Listing an earlier date suggesting I created the work as a two-year-old is silly. It does make me think about that year. I am pretty certain I only use dates I’ve lived through or hope to live through. With future dates, 2033 for example, future dates indicate an artwork to truly reveal itself by that year, just kidding, maybe. It does make me think about that year, too, though.

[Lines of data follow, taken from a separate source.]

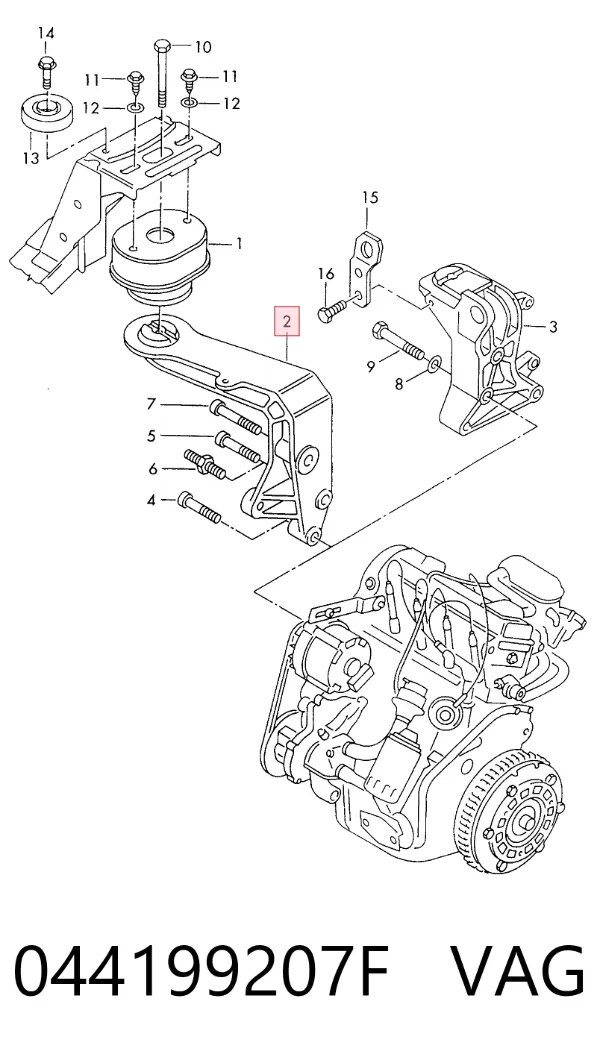  044199207F VAG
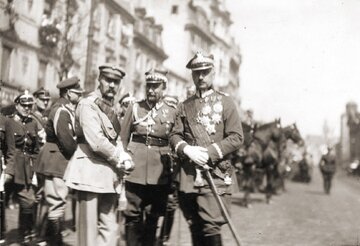 J&oacute;zef Piłsudski, Tadeusz Rozwadowski, Kazimierz Sosnkowski, 1923 rok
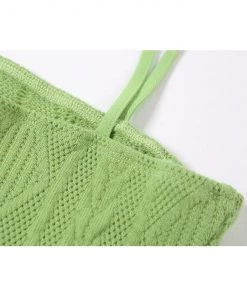 Own Saviour Black Knit Mini Dress New In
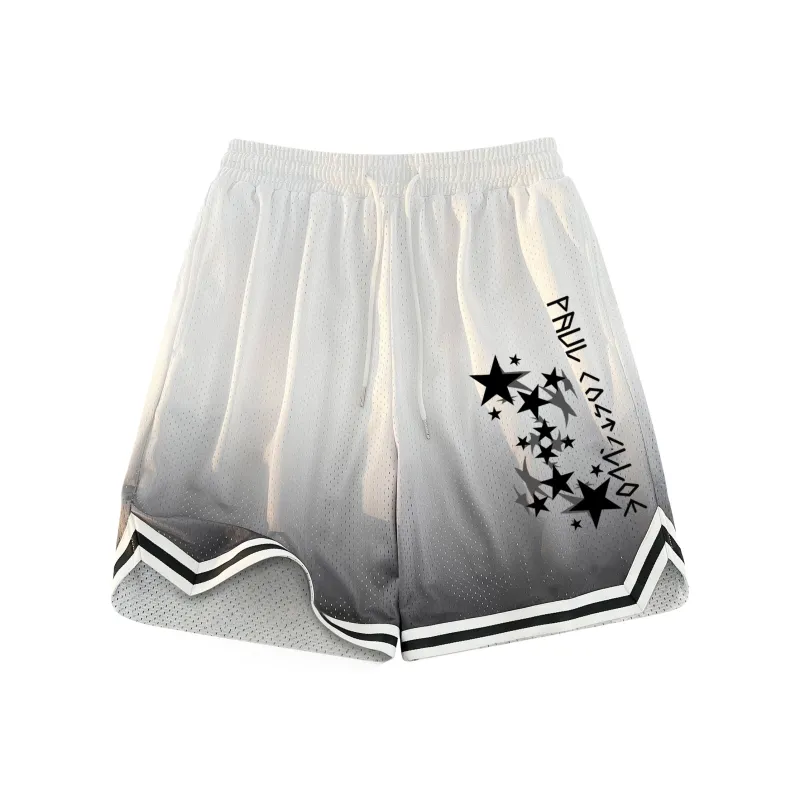 PAUL COSTELLOE Casual Shorts Unisex-8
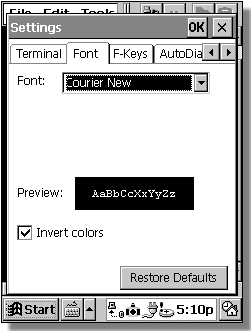 Screenshot
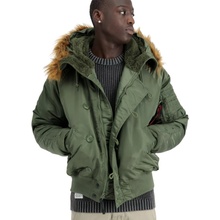 Alpha Industries zimná bunda N-2B Heritage sage green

Some of your titles are quite long and can be funny, unintelligible, or cryptic. How do you go about titling your work and what do you hope it adds to the experience for the viewer?
Archiving things my family says, collecting hearsay, online adverts, social media lingo, headlines, or even fumbled truisms are titles. The titles become tweets and eventually get paired with artworks when ready to go live online: favs with favs. It adds insight.

 Can you give us more information about the 'Selected Reading' list on your website?
Yes!, this is or was a list of good deeds (see below) you could choose from instead of purchasing my art. There’s no follow up. The exchange helps the work to become a more direct political force. I don’t think some galleries like it. There are exchange variations so everyone’s halfway happy. #StrangerThings .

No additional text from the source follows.